Или в двух словах можно объяснить семиотику моды, как и сделал Ролан Барт в «Системе моды», заявив, что шифтеры в моде работают не между тремя лицами, но между тремя видами знаков по Пирсу (как хорошо нам в конце курса все вспомнить!). Поэтому мода и может так соединить профессионализм дизайнеров с невзыскательностью вкусов публики и при этом создать свои необычные решения, потому что, что для дизайнера символ, то для исполнителя индекс, а для потребителя икона. Качество материала, или ассоциации произведений высокой моды с искусством – так как «описываемый предмет в моде уже актуализован», все развоплощается в иконическое, тогда как тяжесть удержать все эти иконы на единстве индексации берет на себя система моды.

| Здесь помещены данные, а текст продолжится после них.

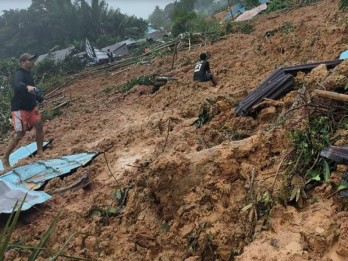 Keluarga Pasrah Pencarian Korban Longsor di Cianjur Dihentikan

Так вот, этносемиотика и еда. Мы, да, все помним «сырое и вареное» Леви-Стросса, их различение как первый антропологический акт. Но как раз у Леви-Стросса невозможна ситуация, что различающий сырое и вареное не осознает, что он или она делает. А вот этносемиотики скажут, что если один народ при входе в дом снимает шапку, а Другой – ботинки, то это не осознается, а только воспроизводится. Как будто, если вспомним зеркало, это действительно удвоение до бесконечности, причем не считающееся с правым или левым, но только с тем, что что-то похожее повторилось.

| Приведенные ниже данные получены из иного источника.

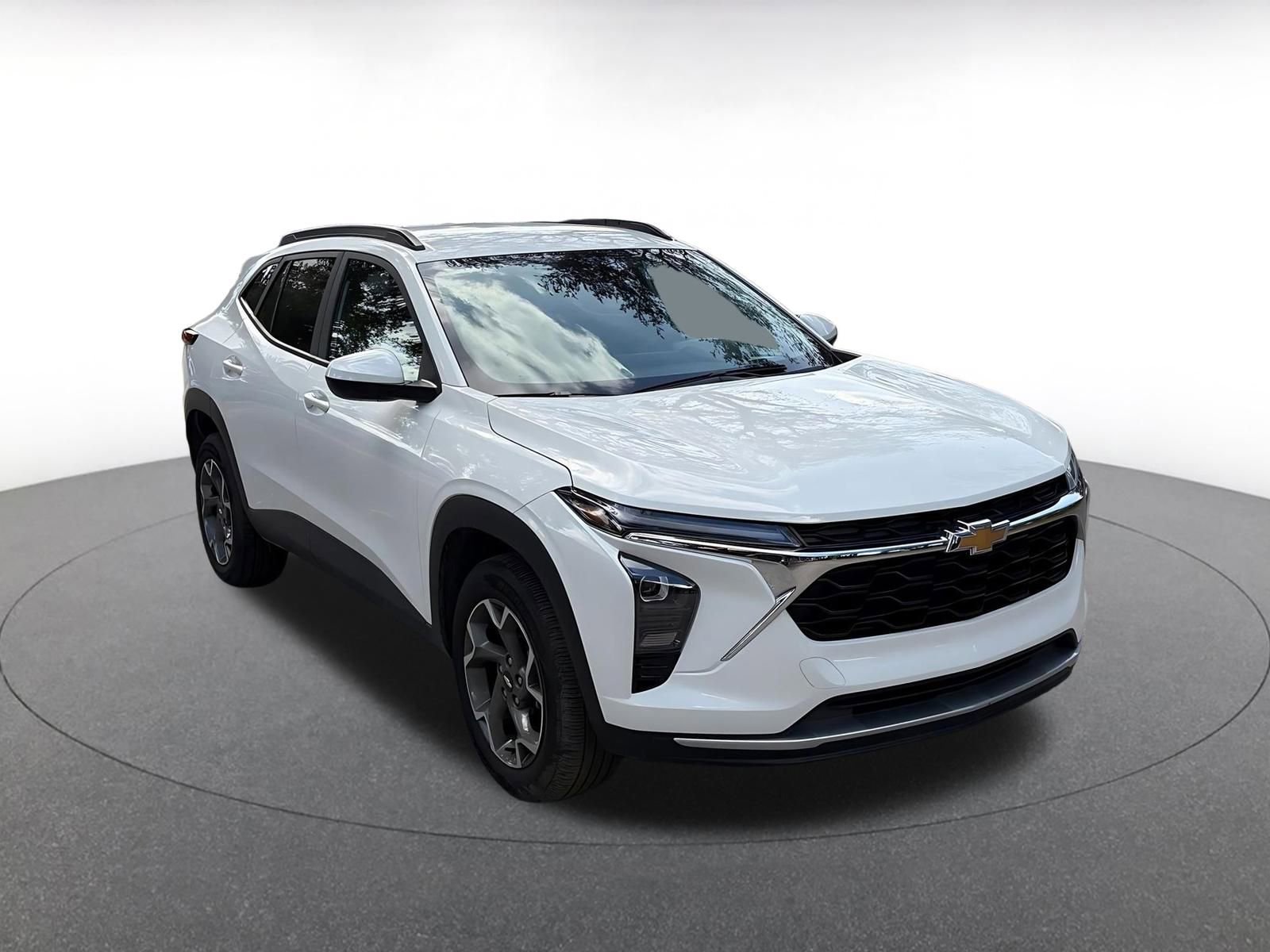 Thumbnail: 2025 Chevrolet Trax - 1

Но как раз и в том, будет ли еда жариться или томиться в печи, и в том, снимается ли шапка или ботинки, есть не столько удвоение того, что заранее уже дано, сколько определенный способ прибавления смысла, определенное «письмо». Например, снятие ботинок подразумевает определенную операцию со своим ростом, так что твой рост оказывается ближе к росту хозяина, который без ботинок, и обобщение роста переходит в индекс – указание на то, что рост значим, но и указание на ситуацию гостеприимства. Или снятие шапки имеет в виду другое – готовность равно совершать поклоны или иные жесты, – здесь уже скорее символизация жестов, сведение всех жестов к их удобству, которое символизирует вообще дальнейшее удобство совершать любой жест. Письмо может работать со знаками, индексами и символами, и не всегда границы их ясны, ясно только, что этносемиотика даже бесписьменных народов не может не учитывать того, что эта работа проводится.

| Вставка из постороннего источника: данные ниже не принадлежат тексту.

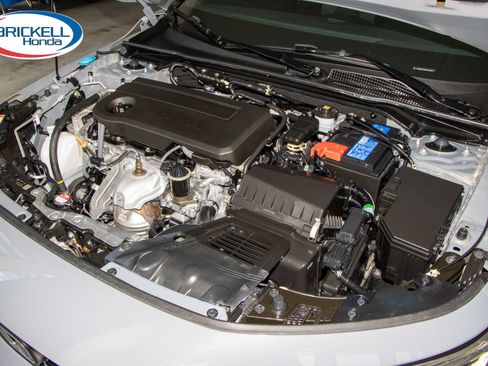 Certified 2025 Honda Civic Sport image 32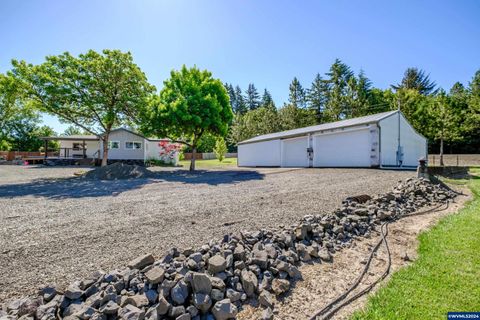 Manufactured Home in Lebanon OR 39641 Lacomb Dr 18.jpg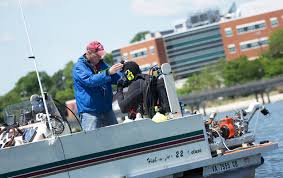 Revolutionary War shipwrecks get first good look in years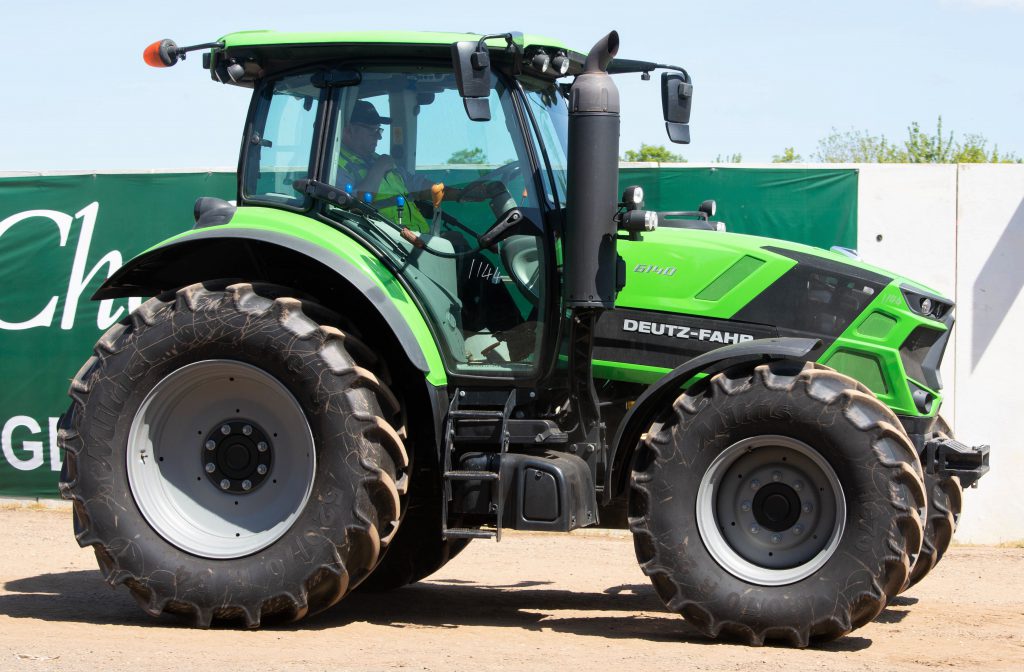 This 2018 Deutz-Fahr 6140 (1,380 hours) sold for £38,500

Лотман считал, что у бесписьменных народов есть искусство памяти, но естественное, созданное впечатлениями от природы: для них семиотически значима роща или река. Но остановиться на таком пасторальном понимании памяти мы не можем, потому что верить в естественность впечатлений здесь так же неуместно, как верить в естественную «горизонтальность» водной глади.